▶ _Your objective_: Write down the lines exactly as they appear, from the one that contains "3rd image of 601 NE 36th St APT 2108" through the final line of the records, so that both ends are kept and no pictures come along.

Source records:
====

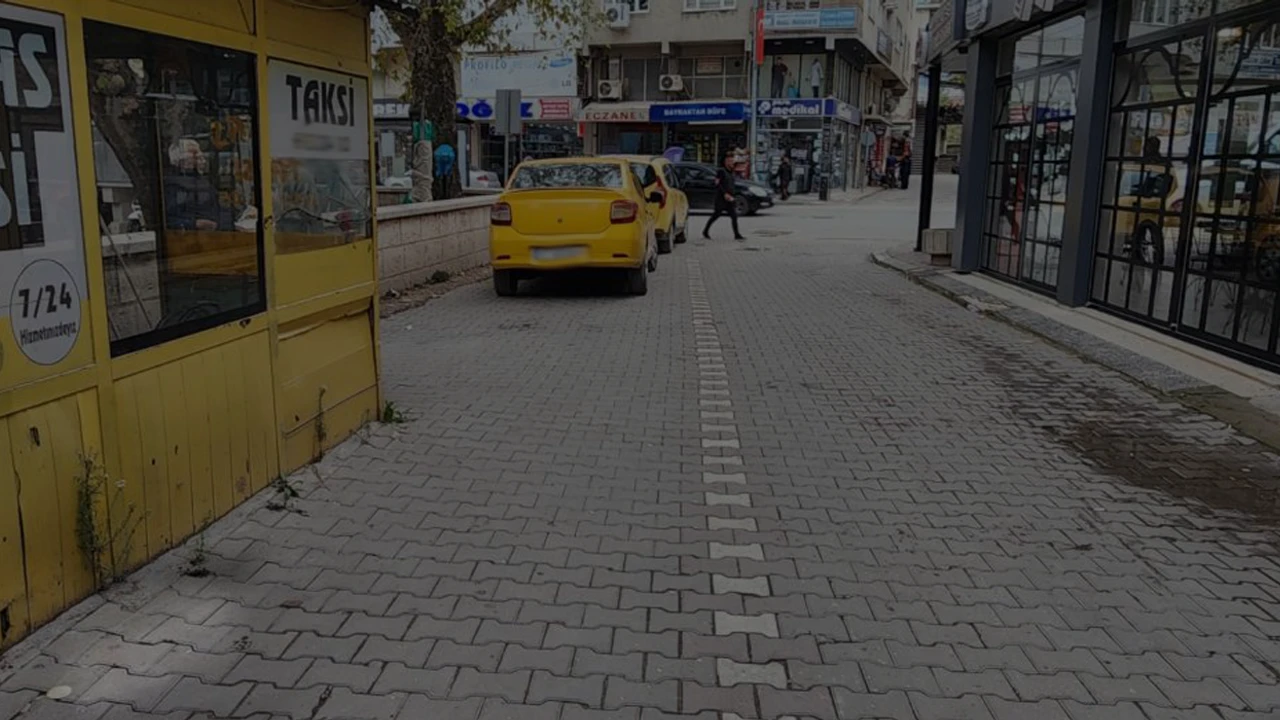 Taksiciyi bıçaklayarak gasp etmeye çalıştı, mahkeme serbest bıraktı! 3 Taksiciyi bıçaklayarak gasp etmeye çalıştı, mahkeme serbest bıraktı!
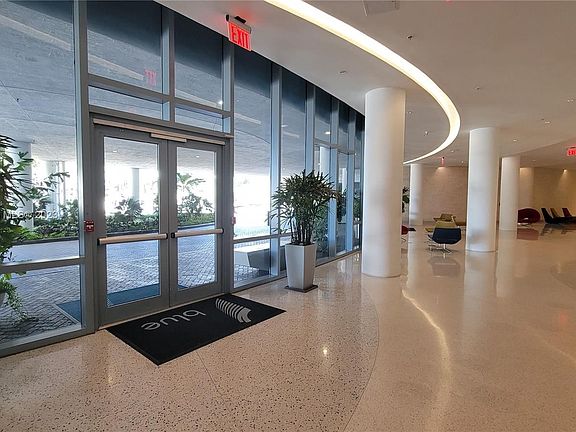 3rd image of 601 NE 36th St APT 2108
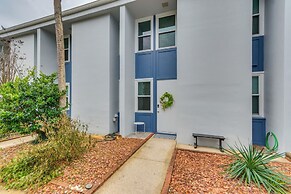 Gulf Breeze Escape w/ Patio + Community Pool!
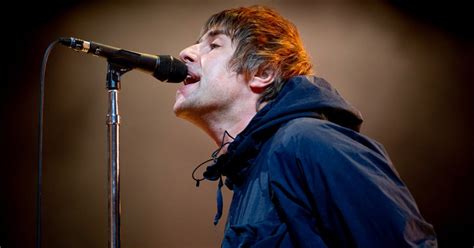 Liam Gallagher Dedic Champagne Supernova A Un Fan De Oasis Que Muri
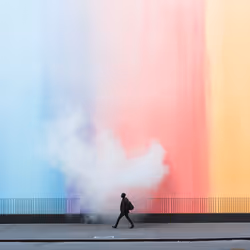579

====

▶ _Answer to the exercise_:
 3rd image of 601 NE 36th St APT 2108
 Gulf Breeze Escape w/ Patio + Community Pool!
 Liam Gallagher Dedic Champagne Supernova A Un Fan De Oasis Que Muri
579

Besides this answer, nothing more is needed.